I am in England, still, and having fun. I am
travelling between major locations by train, which I like, because I can enjoy
the scenery and can’t get lost. Navigation is not one of my strong points. Most
of the small number of journeys I am making this time last only a couple of
hours, so provisioning is not a big deal. It would be a very big deal, if I was
taking longer journeys however, as the little food I have purchased at stations
and trains over the years does not leave me slobbering for more.
The novelist Anthony Trollope understood this, when
he wrote:
The
real disgrace of England is the railway sandwich - that whited sepulchre, fair
enough outside, but so meagre, poor, and spiritless within, such a thing of
shreds and parings, with a dab of food.
I know that many of you miss the
daily quotation which used to be appended to the bottom of every post. I know
because I still get emails of mild complaint. I may return to the habit, but it
was taking longer to find an un-used quotation than it was to write a post, and
something had to give. Railway food, and particularly railway sandwiches are,
however, an irresistible subject for pithy quotes, so I give you a few choice examples
below. They seem to indicate rather strongly that the American railway sandwich
is also not prized by travelers, nor is the Canadian.
The apples of Sodom, which are generally understood to have
been in reality railway
sandwiches ... (Pearson’s
Magazine, Britain, 1898)
At Springfield, yesterday, Representative Mitchell introduced
a bill “defining sleeping cars as hotels.” He should introduce another “defining railway sandwiches as paving material.”

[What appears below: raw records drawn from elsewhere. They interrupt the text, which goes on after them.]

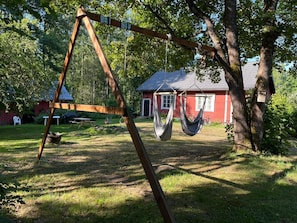 Un hamac suspendu à une structure de balançoire en bois, dans une cour verdoyante, avec une maison rouge en arrière-plan.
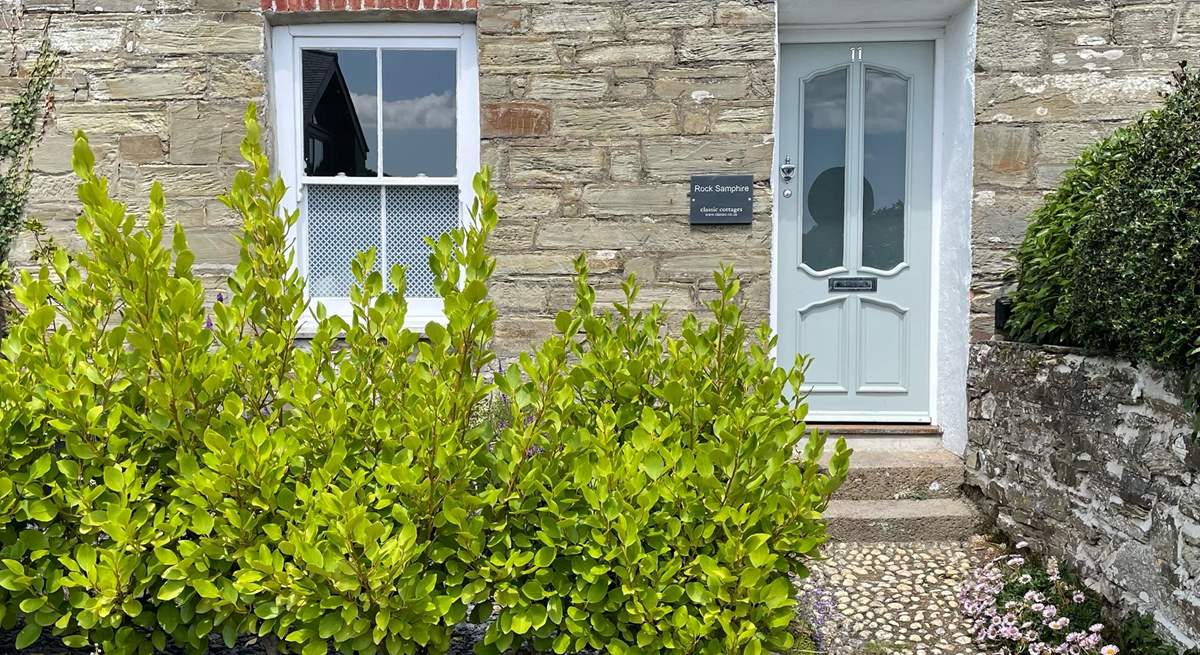 Welcome to Rock Samphire, a gorgeous cottage in St Agnes. One step leads up from the pavement to the garden path, and then a further two steps lead into the cottage.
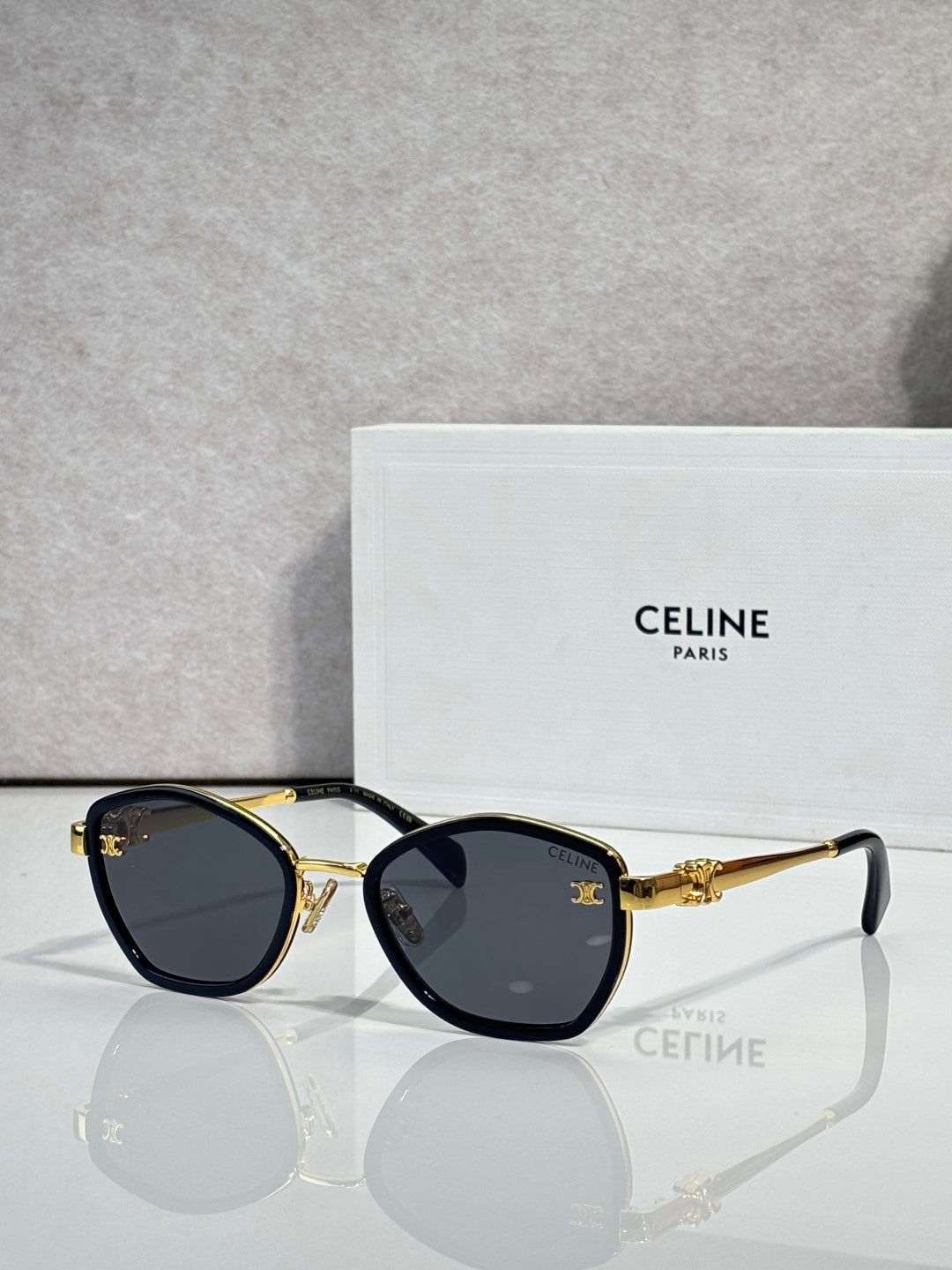 Celine sunglasses with round dark frames and smoky lenses, gold-tone accents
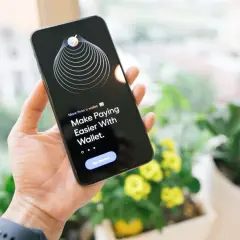 Dłoń trzyma iPhone'a z aplikacją Wallet, która ułatwia płatności dzięki technologii NFC.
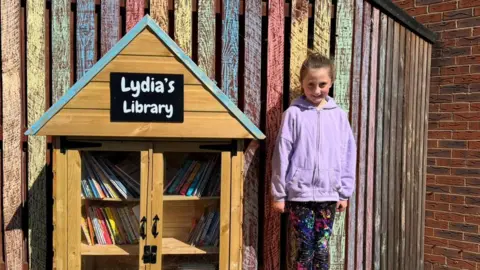 Lydia is in a pink hoodie standing in front of a rainbow-coloured wooden fence with 'Lydia's Library' next to her. It is a small wooden hut with two glass doors filled with books.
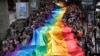 Participants hold a rainbow flag during the Pride Parade in Bangkok, Thailand, June 1, 2024.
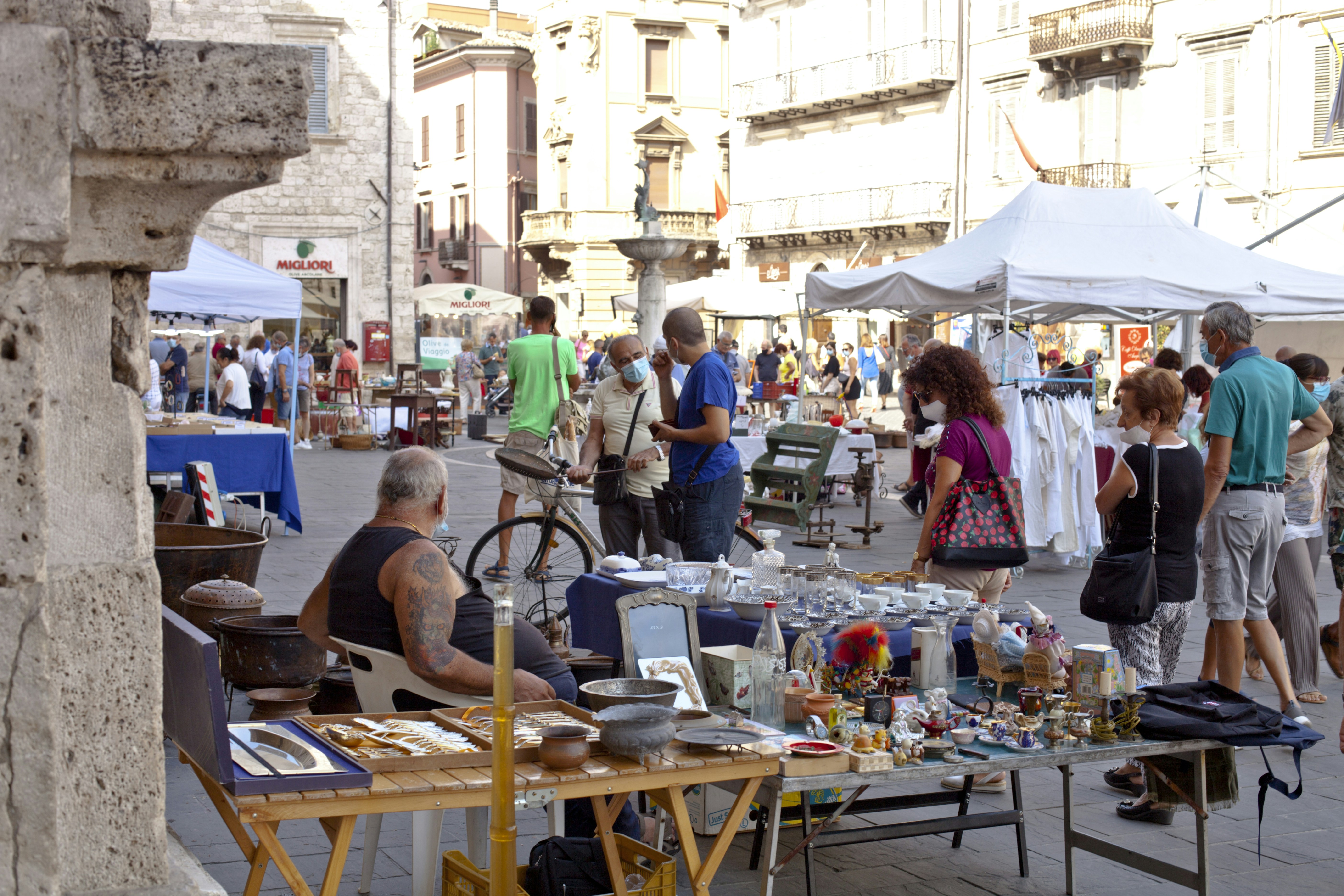 A group of people standing around a table filled with items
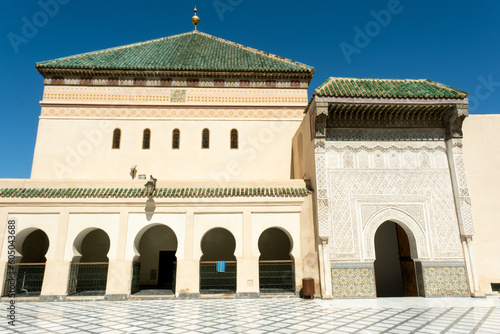 A mosque with arabic architecture and moorish arches at a plaza in Marrakech, Morocco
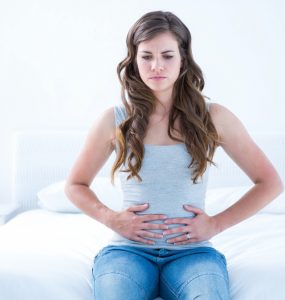 Young woman sat on a bed clutching her stomach to represent tummy ache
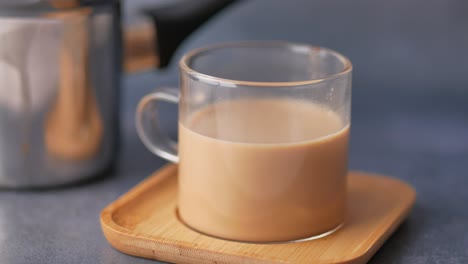 a cup of tea on a bamboo coaster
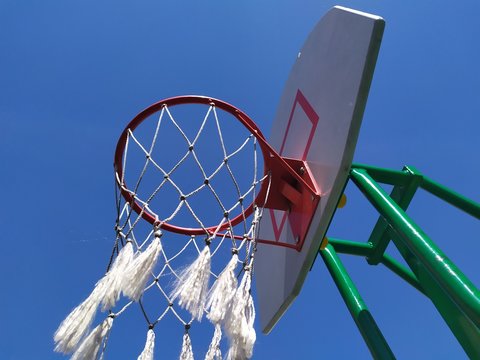 White and red basketball hoop photo on blue sky 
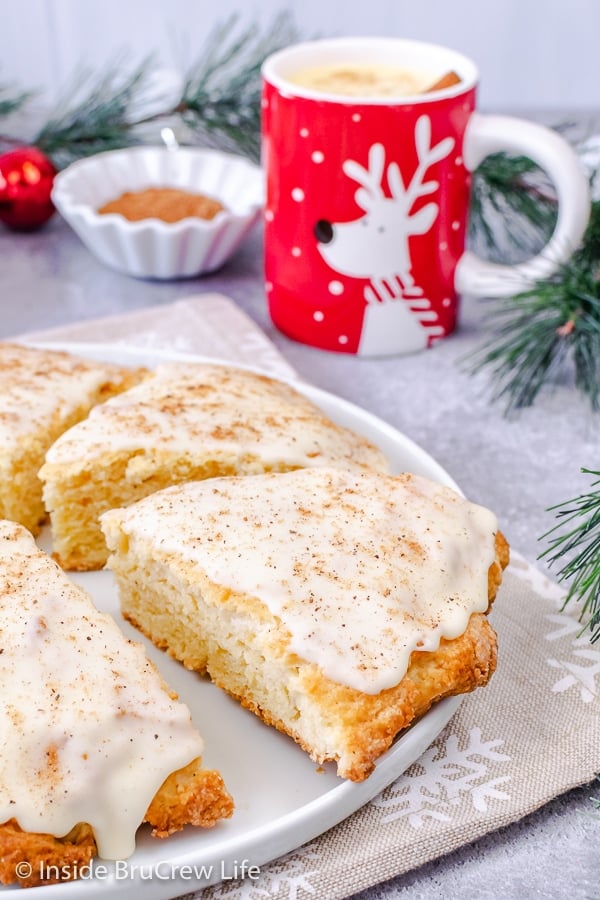 A white plate with glazed eggnog scones topped with glaze and nutmeg on it.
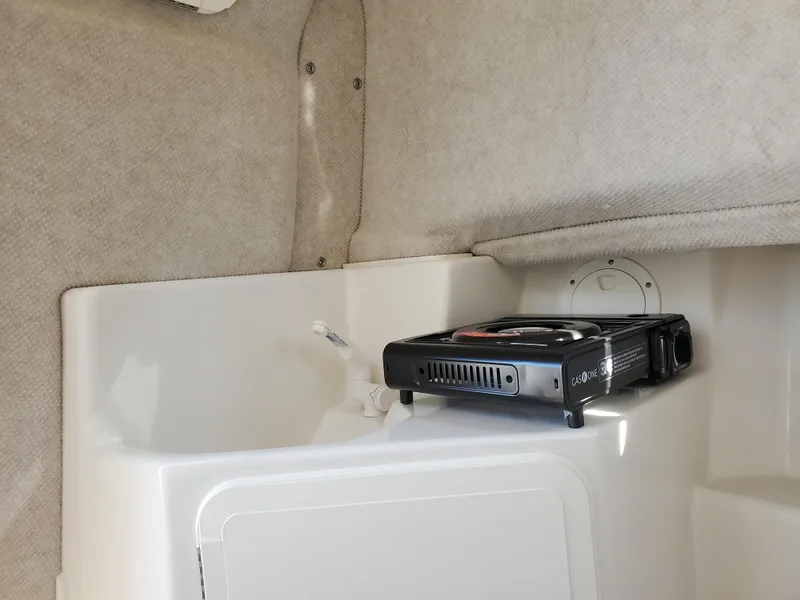 Slide: The Image of Interior of 2022 Sailfish 220 WAC boat with portable stove. - 7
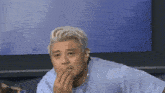 a man in a blue shirt is covering his mouth with his hand .
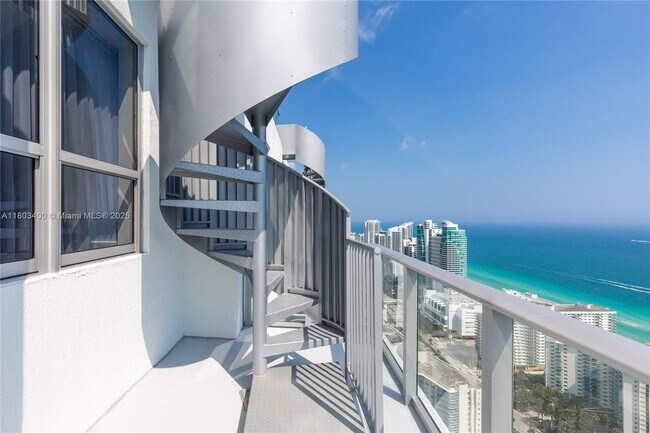 Building Photo - 4010 S Ocean Dr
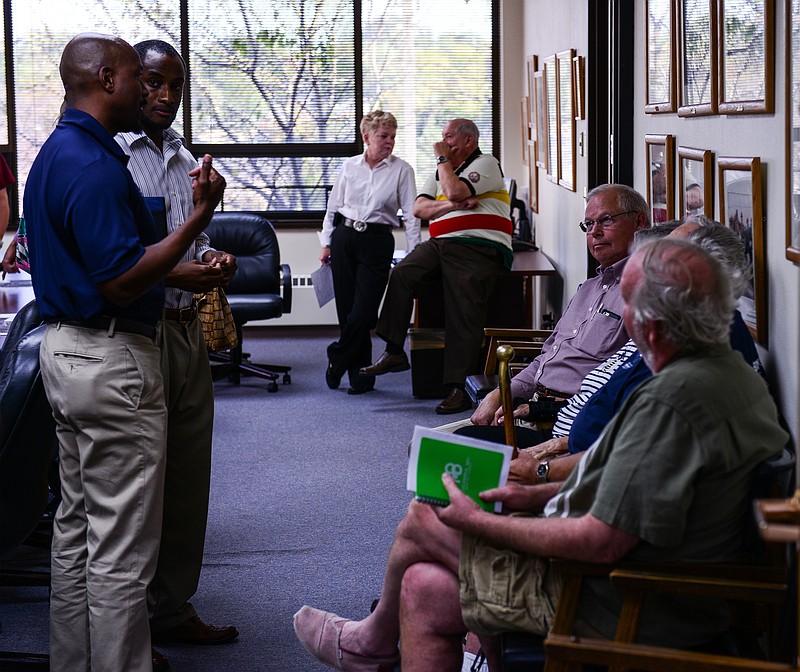 Concerned citizens and nearby residents discuss the possibility of vacating the 700 block of Chestnut Street Thursday. Plans would allow Lincoln University to close off the street and designate a pedestrian plaza in the same area.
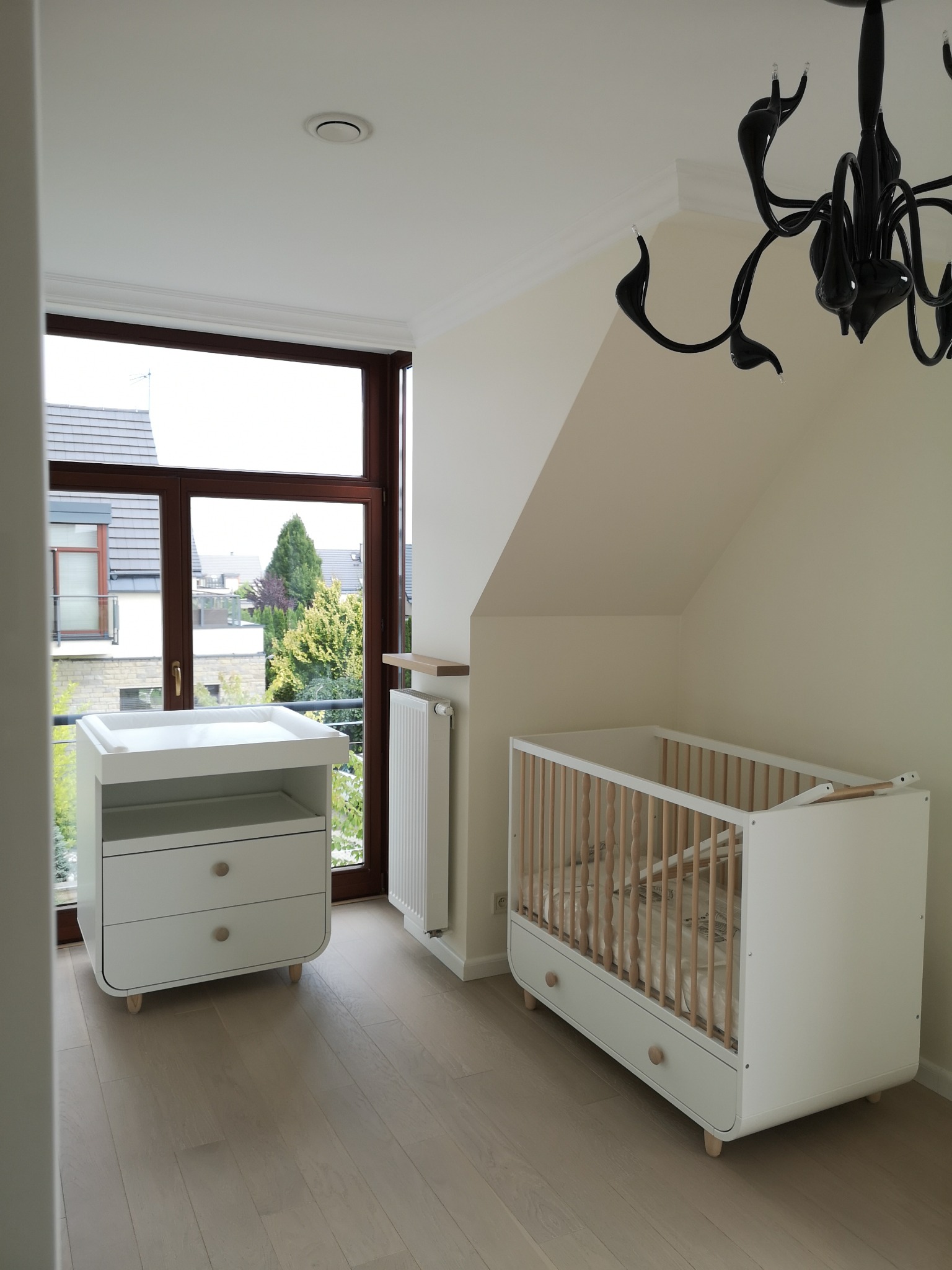 Jasne wnętrze pokoju dziecięcego na poddaszu z drewnianą podłogą, białym łóżeczkiem ze szczebelkami i komodą z przewijakiem, doświetlone dużym oknem z widokiem na zieleń.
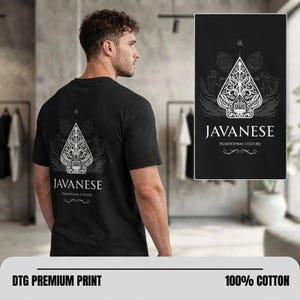 Op de afbeelding: Een zwart t-shirt met korte mouwen en een witte grafische print op de achterkant. Het ontwerp toont een gestileerde wayang kulit-popvorm met ingewikkelde patronen, de tekst JAVANESE TRADITIONAL CULTURE en een Japans teken erboven.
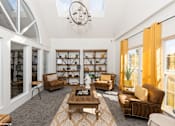 Thumbnail 43 of 46 - A living room with a brown sofa, a wooden coffee table, and a chandelier at Island Club Apartments, Ohio, 43235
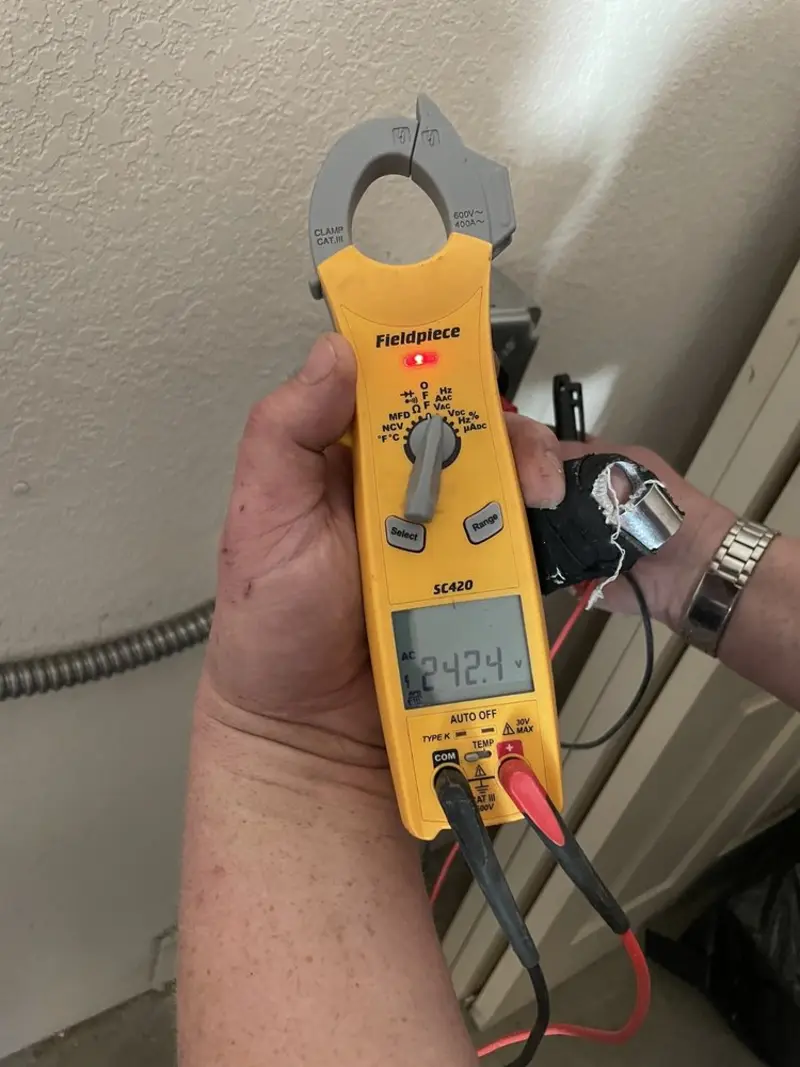 Voltage testing with clamp meter during Electrical Installation Services in Ellery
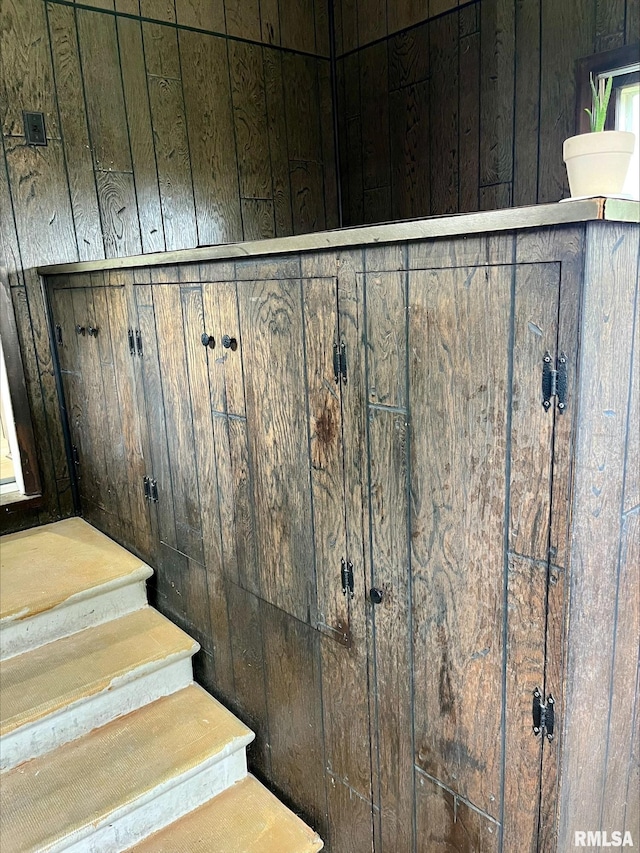 staircase featuring wood walls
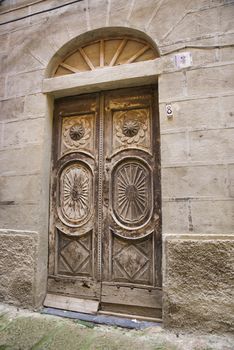 very old wooden door with texxture and artwork in sardinia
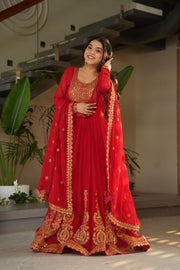 Red embroidered gown with dupatta , Faux blooming red gown with zari sequins , Bridal red gown for festive occasions , Elegant red gown with lace dupatta , Full sleeve red party wear gown , Red designer gown for weddings , Red gown with cotton lining and embroidery , Red round neck gown for ethnic events , Stylish red floor-length gown for women .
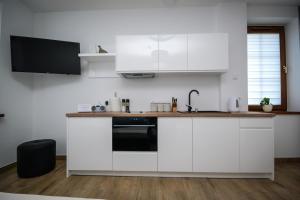a white kitchen with white cabinets and a sink at Apartamenty AP 1 in Częstochowa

Railroad Digest, Vol. 3 (U.S.A. 1893)
The Romans had not always been careful to remove the sandals
from the feet of their captives, and these had been as hard for the dragon to
digest as railway
sandwiches are
for us. (John L. Stoddard’s Lectures,
1899.)
The
railway sandwich Mr. McGee said, could be used as an example of a plot to drive
away rail passengers. “These sandwiches consist of two pieces of bread ingeniously
designed to turn into lumps of lead after they have been swallowed, filled with
a microscopic film of what appears to be lard, but what is probably uncolored
margarine.” An example of the sandwich situation was “a piece of the most tired
cheese it has ever been my misfortune to consume.” One could have ham instead,
but these sandwiches were “about as pleasurable and delightful to eat as an old
piece of shoe leather. (Ottawa, House of
Commons, May 19, 1961)
I
was inspired, if that is not too lofty a word, to make railway food a topic for
today’s post by the following little recipe. I assume, because it is a small
pudding, that it was not an item to be purchased at a railway station café, but
was made at home in preparation for the journey, to enable that little ordeal
to be avoided.
Railway
Puddings (Ireland.)
Required,
two ounces of butter beaten with a teacupful of flour; add a teacupful of
castor sugar, a small tablespoonful of baking powder, half a teacupful of milk,
and one egg. Bake fifteen to twenty minutes on two flat tins. Spread with jam
and fold over.
Pot-luck,
or The British home cookery book (1915.)
1 comment:
You should see the ones they sell in Buenos Aires! They are alive!